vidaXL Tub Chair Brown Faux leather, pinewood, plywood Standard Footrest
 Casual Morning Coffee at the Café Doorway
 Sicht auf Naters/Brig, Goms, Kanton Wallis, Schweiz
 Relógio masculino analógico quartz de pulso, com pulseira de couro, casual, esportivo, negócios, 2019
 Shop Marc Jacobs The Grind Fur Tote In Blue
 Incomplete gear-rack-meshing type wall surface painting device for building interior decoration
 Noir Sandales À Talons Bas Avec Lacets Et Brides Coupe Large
■ ■ ■ ■ ■
Problem requirements ▸ Reproduce, exactly and in full, the lines from the one that contains "Relógio masculino analógico" to the end of the material.

Solution to this problem ▸
 Relógio masculino analógico quartz de pulso, com pulseira de couro, casual, esportivo, negócios, 2019
 Shop Marc Jacobs The Grind Fur Tote In Blue
 Incomplete gear-rack-meshing type wall surface painting device for building interior decoration
 Noir Sandales À Talons Bas Avec Lacets Et Brides Coupe Large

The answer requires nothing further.